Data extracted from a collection

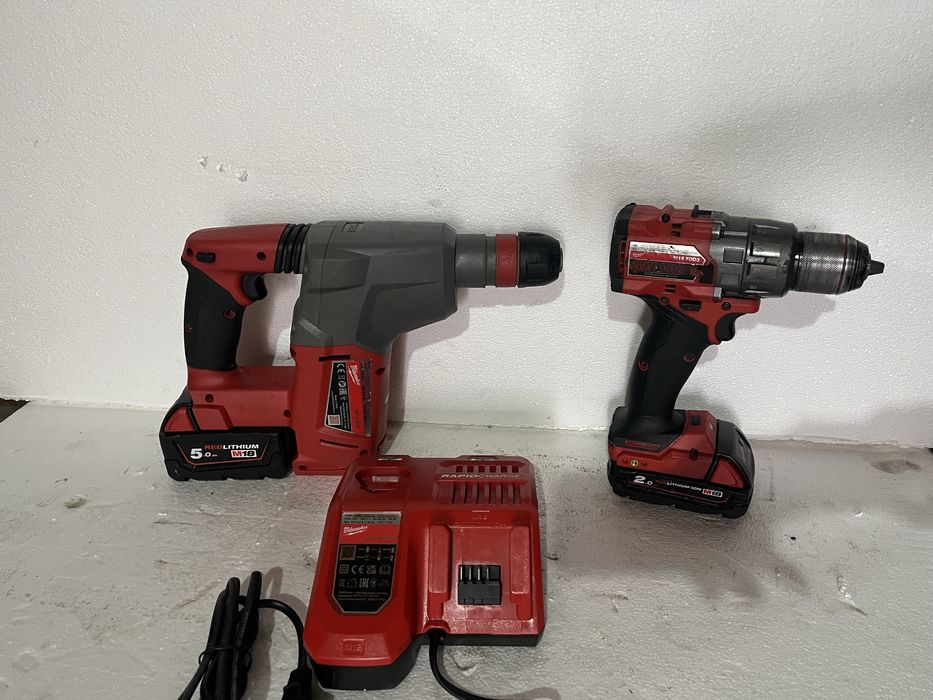 Set Milwaukee Rotopercutor M18 CHX Filetanta M18 FDD3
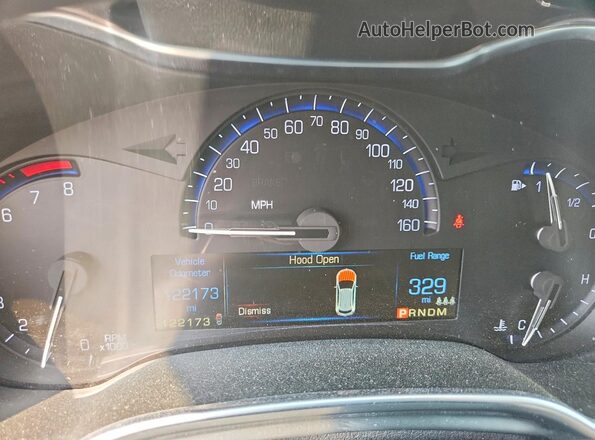 3GYFNEE38GS587685 2016 CADILLAC SRX Black Vista del cuadro de instrumentos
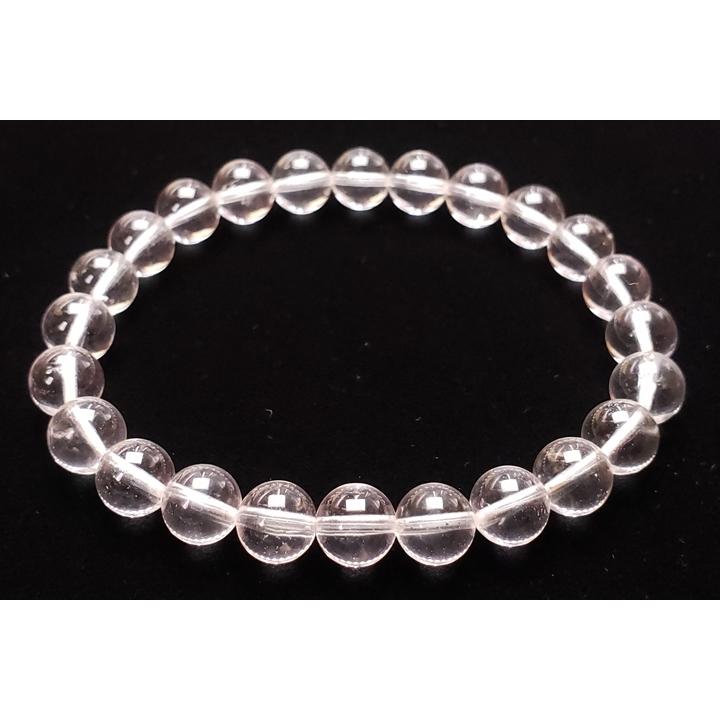 8mmピンクダンビュライトブレスレット　ファイナルグレード＋＋　メキシコ産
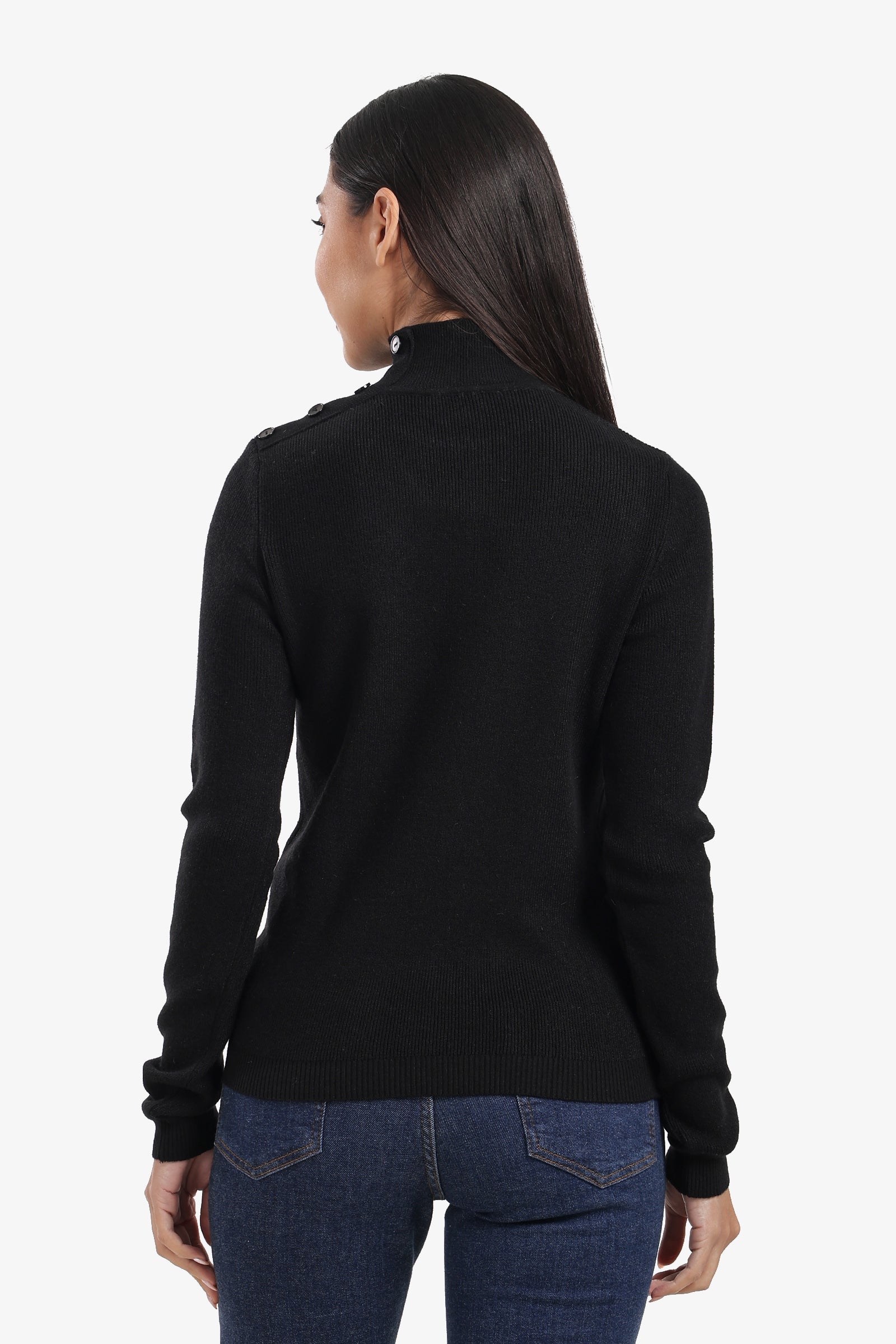 High-Neck Pullover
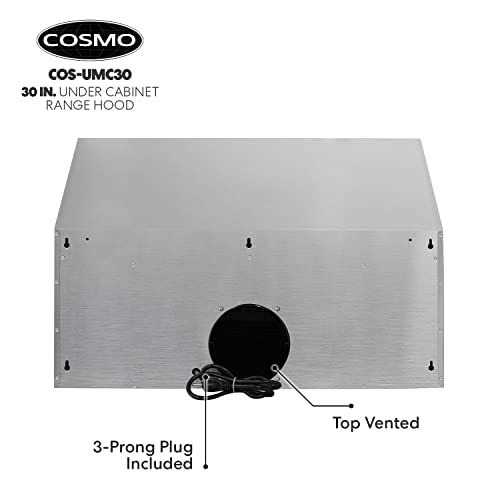 Cosmo UMC30 Ducted Under Cabinet Stainless Steel Range Hood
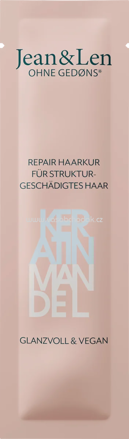 Jean&Len Haarkur Keratin Mandel Sachet, 20 ml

» What is being asked: Give again, exactly as written, the lines from the one with "High-Neck Pullover" through the last line of the entries above, but skip the pictures.

» The completed task:
 High-Neck Pullover
 Cosmo UMC30 Ducted Under Cabinet Stainless Steel Range Hood
 Jean&Len Haarkur Keratin Mandel Sachet, 20 ml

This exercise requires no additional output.